Encadrement juridique : un champ flou et contesté

L’émergence de systèmes d’armement partiellement autonomes soulève d’importants enjeux juridiques et éthiques. En 2023, le secrétaire général de l’ONU et la présidente du CICR ont appelé à interdire les « robots tueurs » totalement autonomes. En 2024, une résolution non contraignante a été adoptée par 161 pays à l’Assemblée générale de l’ONU, appelant à un encadrement international renforcé.

Le débat porte notamment sur la responsabilité en cas de bavure : concepteur, opérateur, commandant, ou machine elle-même ? Les experts rappellent que le droit international humanitaire repose sur la capacité d’imputer une responsabilité à un humain, ce qui devient complexe avec des systèmes autonomes.

En France, le Comité d’éthique de la défense a publié en février 2025 un rapport soulignant les « lignes rouges » à ne pas franchir. La doctrine française interdit pour l’instant les systèmes totalement autonomes, tout en tolérant les systèmes supervisés sous certaines conditions.

Vers une coordination homme-machine sur le champ de bataille

Au-delà du CODiAQ seul, Skyborne Technologies prévoit de le connecter à son drone aérien Cerberus MI pour constituer un essaim opérationnel coordonné. Cette approche, baptisée human-machine teaming, vise à créer des unités mixtes où les robots augmentent la capacité des troupes sans les remplacer.

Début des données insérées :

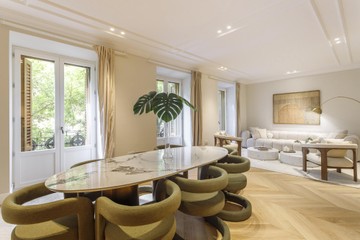 living - Piso de 426m² en venta en Recoletos, Madrid - featured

Ce modèle séduit de plus en plus de forces armées occidentales. Le marché mondial des robots militaires est en forte expansion : estimé à 18,5 milliards de dollars en 2024, il pourrait dépasser les 40 milliards d’ici 2034. Le segment des quadrupèdes connaît une croissance annuelle moyenne supérieure à 17 %, porté par l’intégration croissante d’intelligence artificielle et par l’expérience des conflits en Ukraine et au Moyen-Orient.